**Data**
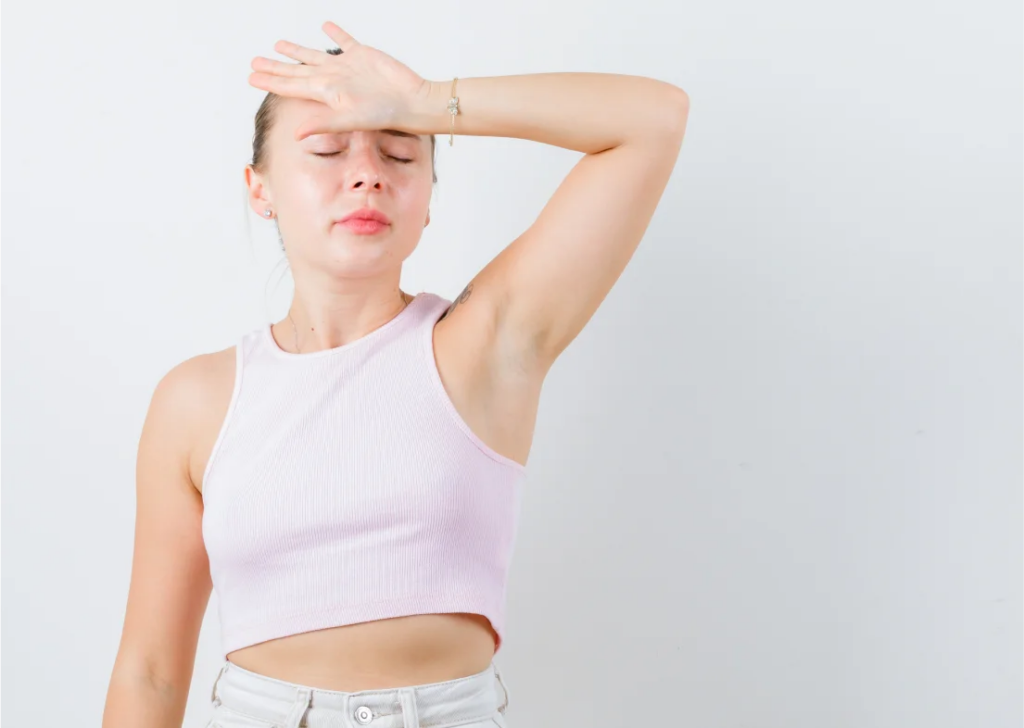 woman showing her underarms Atomic Dermatology and Med Spa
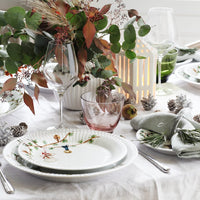 Elegant table setting featuring white plates with floral patterns, green foliage, and soft pink glassware against a neutral backdrop.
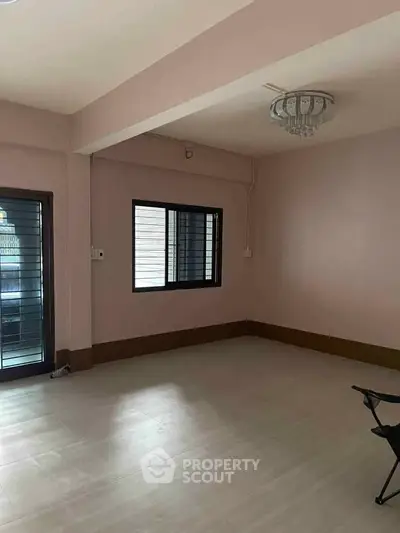 Spacious empty room with modern chandelier and large window, perfect for customization.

**Task goal**
The data above should be set down again exactly, with the pictures omitted.

**Response box**
 woman showing her underarms Atomic Dermatology and Med Spa
 Elegant table setting featuring white plates with floral patterns, green foliage, and soft pink glassware against a neutral backdrop.
 Spacious empty room with modern chandelier and large window, perfect for customization.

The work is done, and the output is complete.